Mo et al. (2026) Multi-objective Joint Optimization Operation of Cascade Reservoirs Considering River Hydrological Health Assessment

Identification

• Journal: Water Resources Management
• Year: 2026
• Date: 2026-01-01
• Authors: Chongxun Mo, Zihan Lin, N. Li, Xiaoyu Wan, Gang Tang, Yi Huang
• DOI: 10.1007/s11269-025-04432-y

Research Groups

• College of Architecture and Civil Engineering, Guangxi University, Nanning, China
• Key Laboratory of Disaster Prevention and Structural Safety of Ministry of Education, Guangxi University, Nanning, China
• Guangxi Key Laboratory of Disaster Prevention and Engineering Safety, Guangxi University, Nanning, China
• Guangxi Provincial Engineering Research Center of Water Security and Intelligent Control for Karst Region, Guangxi University, Nanning, China
• Guangxi Water & Power Design Institute Co., Ltd, Nanning, China

Short Summary

This study developed a multi-objective optimization framework for cascade reservoir operation in the Haokun-Chengbi River Basin, integrating river hydrological health assessment to balance power generation, water supply, and ecological flow.
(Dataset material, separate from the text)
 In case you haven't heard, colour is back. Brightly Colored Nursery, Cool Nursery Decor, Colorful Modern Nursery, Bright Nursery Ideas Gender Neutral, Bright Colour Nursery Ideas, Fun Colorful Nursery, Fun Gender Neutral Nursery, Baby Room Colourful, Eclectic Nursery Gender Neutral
The research found that optimal strategies vary significantly with hydrological conditions, with dry years showing the most pronounced improvement in river hydrological health (up to 57.35%) after optimization.

Objective

• To calculate the minimum and optimal ecological flows of the Haokun Reservoir and the Chengbi River Reservoir.
• To solve the multi-objective optimization problem of reservoirs using the NSGA-III algorithm.
• To select the optimal scheduling plan using a decision-making model (TOPSIS).
• To evaluate the optimal scheduling results of reservoirs by introducing the river hydrological health level theory.

Study Configuration

• Spatial Scale: Haokun-Chengbi River cascade reservoirs in the Chengbi River Basin, a tributary of the Youjiang section of the Yujiang main stream of the Pearl River system in Baise City, Guangxi Province, Southwest China.
• Temporal Scale: Daily runoff and water level data from 1963 to 2020 (58 years) were used for analysis and optimization across typical wet, normal, and dry years.

Methodology and Data

• Models used:
  • Multi-objective optimization model for cascade reservoirs.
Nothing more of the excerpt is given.